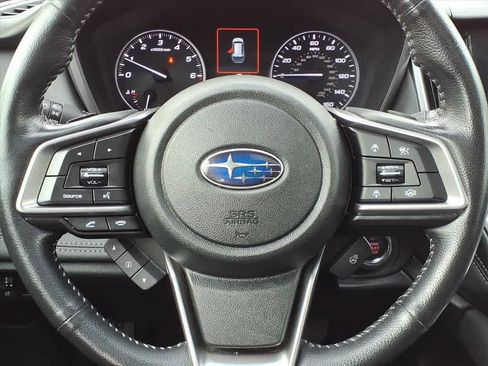 Used 2021 Subaru Outback Limited w/ Popular Package #2 AWD/4WD image 16
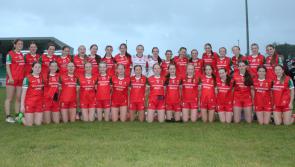 Mayo U-16s through to All-Ireland final after convincing win over Kerry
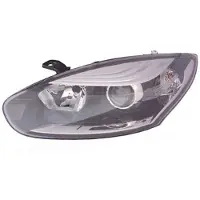 VAN WEZEL 4382961M Koplamp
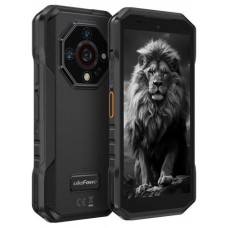 ARMOR X32 PRO / 8+256GB / BLACK (Espera 4 dias)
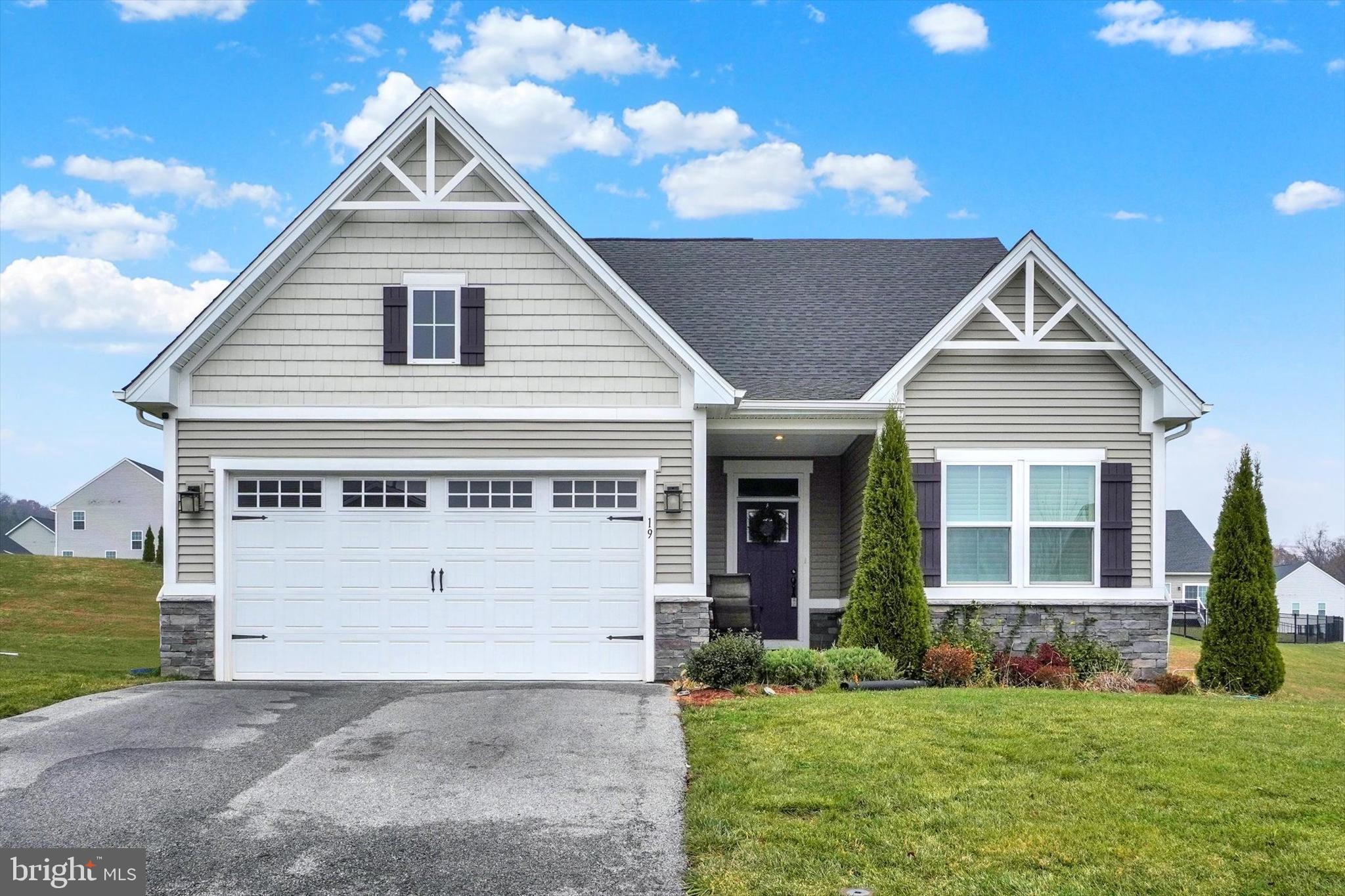 SPRINGETTSBURY TWP - Residential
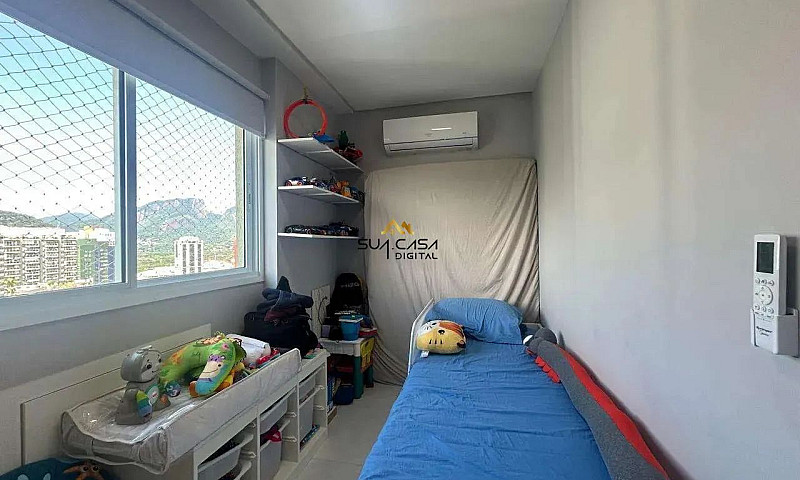 Cobertura À Venda Co...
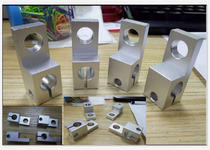 m18 photoelectric switch mounting bracket cylindrical connecting piece close to switch sensor sensor fixing frame base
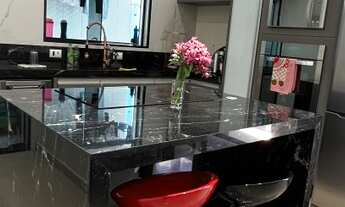 Imagem: Sobrado à venda próximo a barão de Mauá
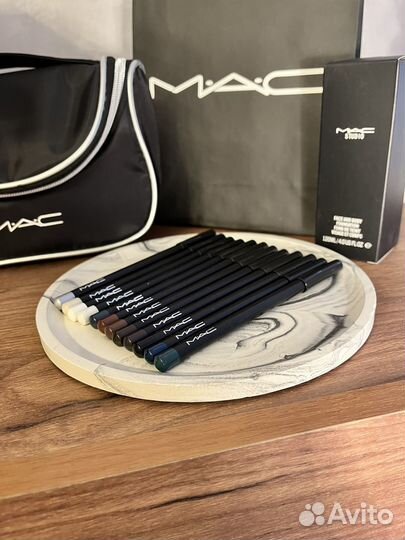 Карандаш для глаз mac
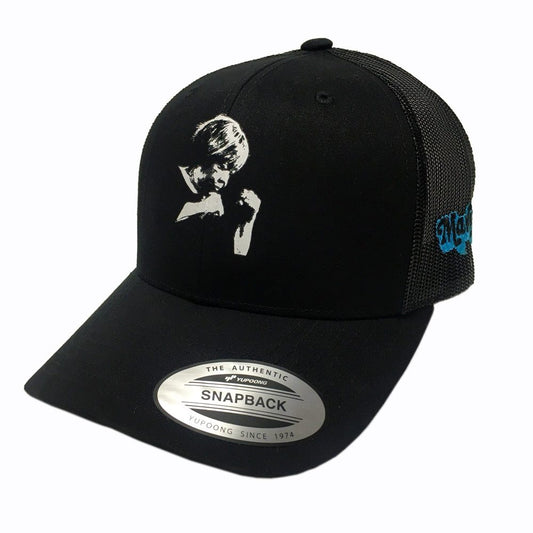 Mavis Staples Yupoong Classic Snapback Hat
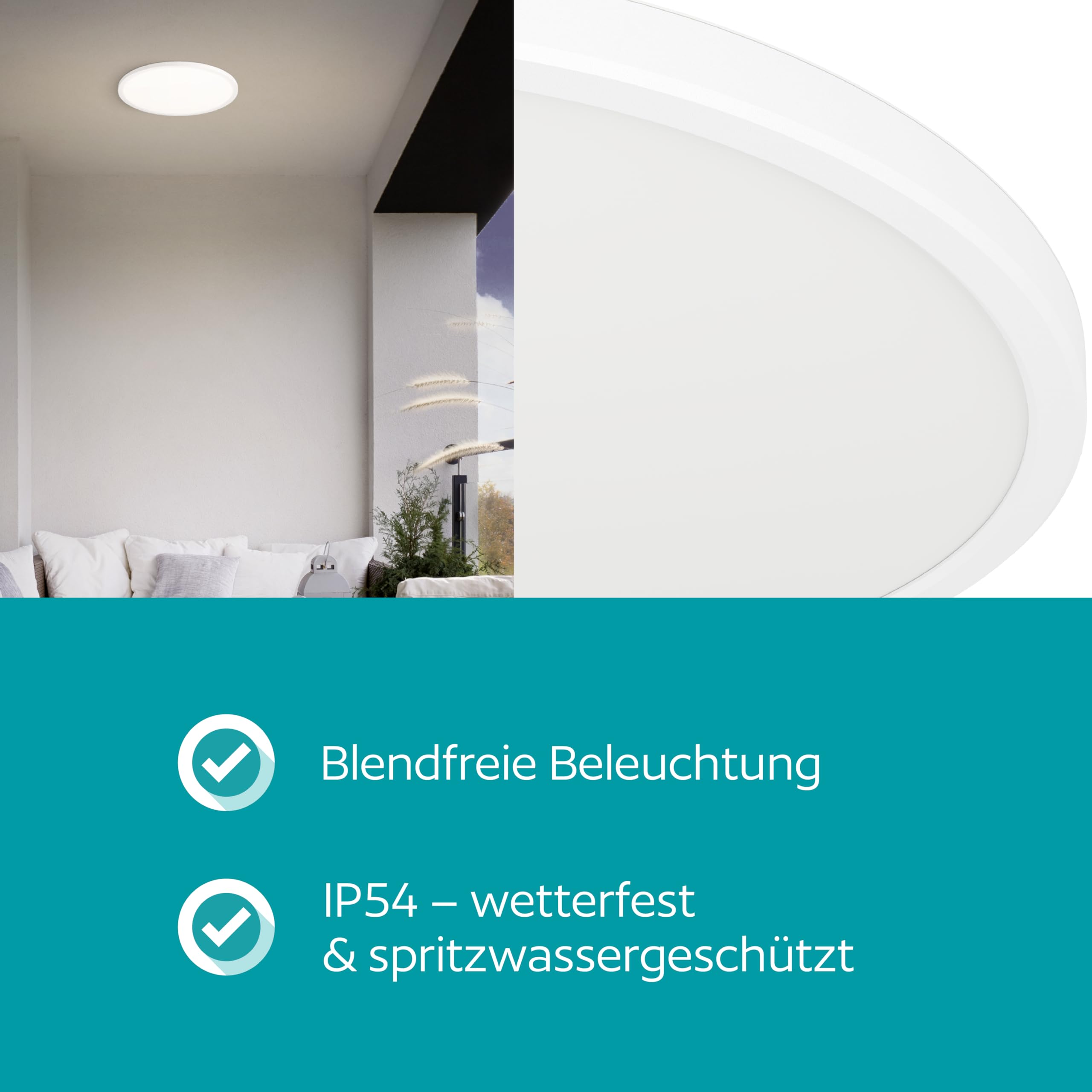 eglo-minerario-led-outdoor-deckenleuchte-30-cm-ip54-wei-e-au-enleuchte-2500-lume image 4
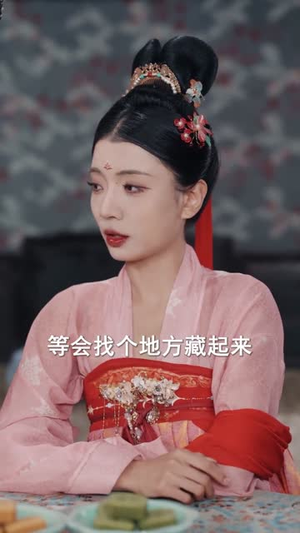 蚀骨之香（95集）短剧大结局全集解锁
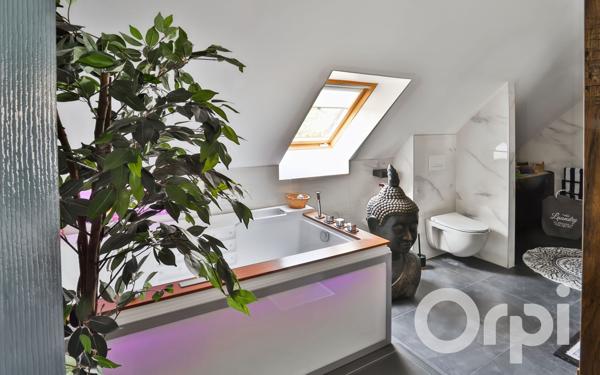 Maison à vendre    9 pièces • 207 m2 Gournay-en-Bray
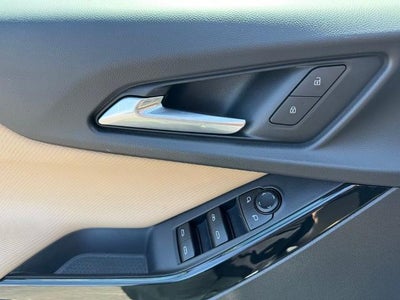 2026 Chevrolet Equinox FWD ACTIV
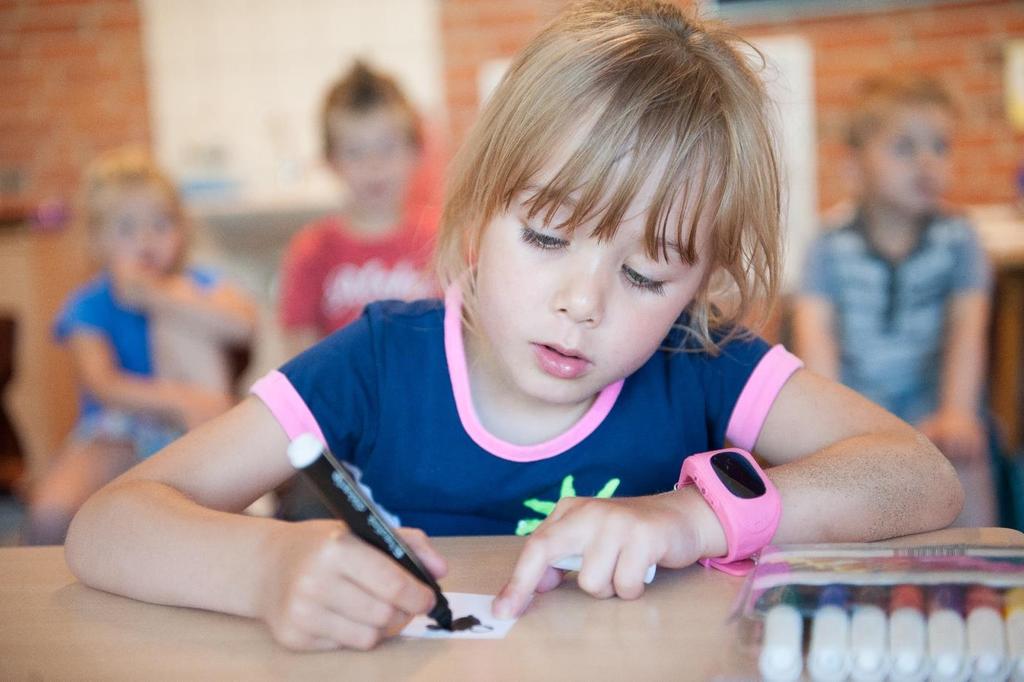 Daarnaast is het mogelijk voor ouders om deel te nemen aan een cursus of kunnen we een ouderavond organiseren over een thema dat leeft. Samen met u en de school bekijken we wat nodig is.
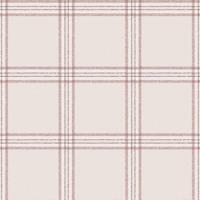 Cristiana Masi Top Stripes Behang kleine schotse ruit - 38414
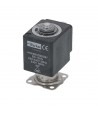 Parker 2 wege magnetventil edelstahl 220/240V 50/60Hz Dn1.5mm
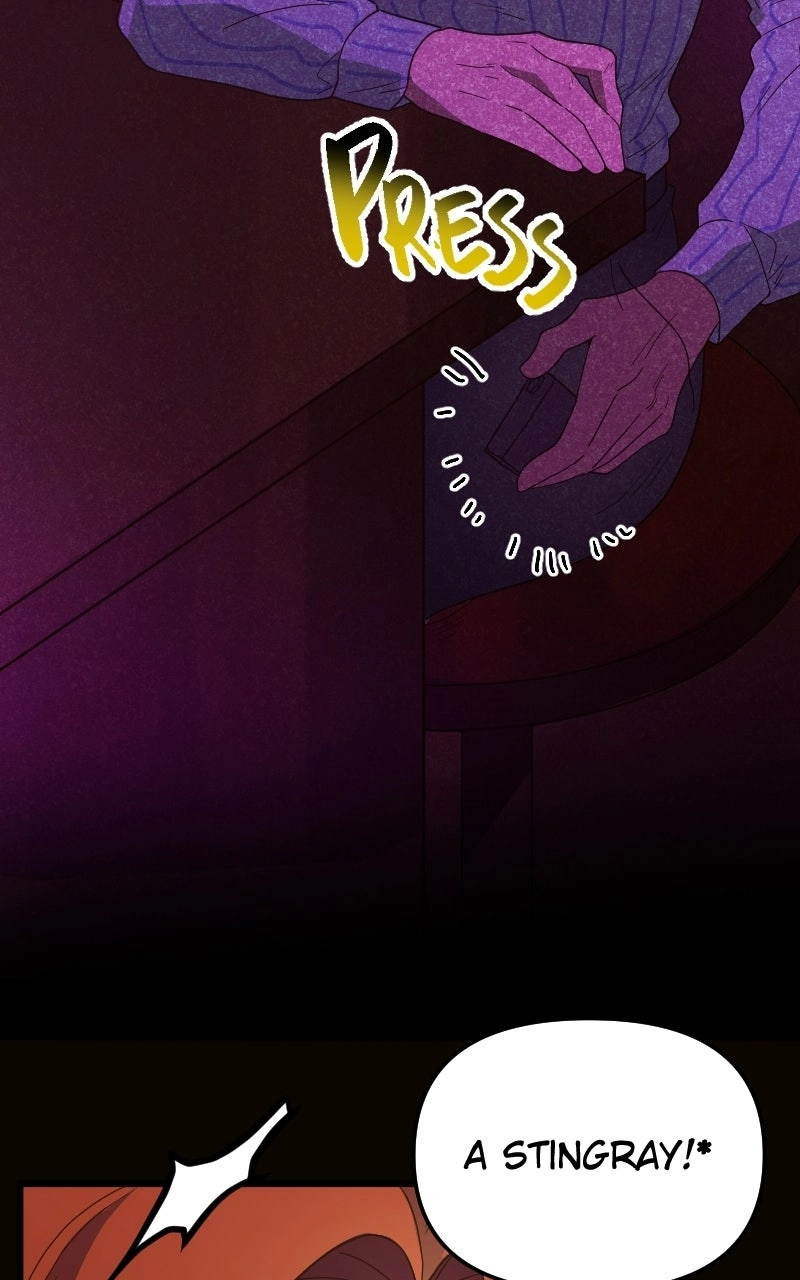 The Mafia Nanny Chapter 113 page 45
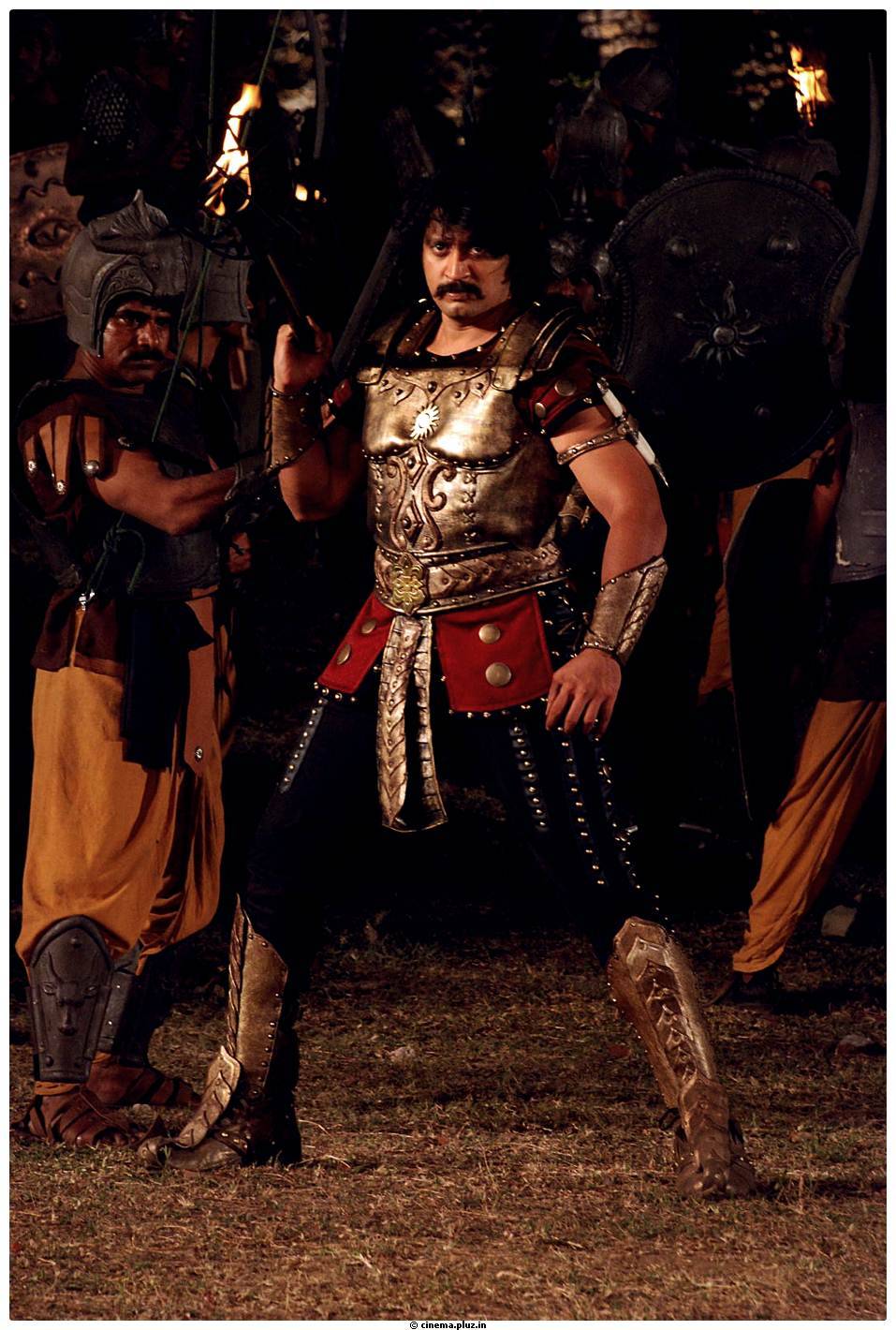 Prasanth - Rajakota Rahasyam Movie Stills | Picture 458558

┄┄┄┄┄┄

TASK ITEM
Omitting all pictures, restate word for word the lines from the one containing "Maison à vendre" through the last line of the data.

ANSWER SPACE
 Maison à vendre    9 pièces • 207 m2 Gournay-en-Bray
 2026 Chevrolet Equinox FWD ACTIV
 Daarnaast is het mogelijk voor ouders om deel te nemen aan een cursus of kunnen we een ouderavond organiseren over een thema dat leeft. Samen met u en de school bekijken we wat nodig is.
 Cristiana Masi Top Stripes Behang kleine schotse ruit - 38414
 Parker 2 wege magnetventil edelstahl 220/240V 50/60Hz Dn1.5mm
 The Mafia Nanny Chapter 113 page 45
 Prasanth - Rajakota Rahasyam Movie Stills | Picture 458558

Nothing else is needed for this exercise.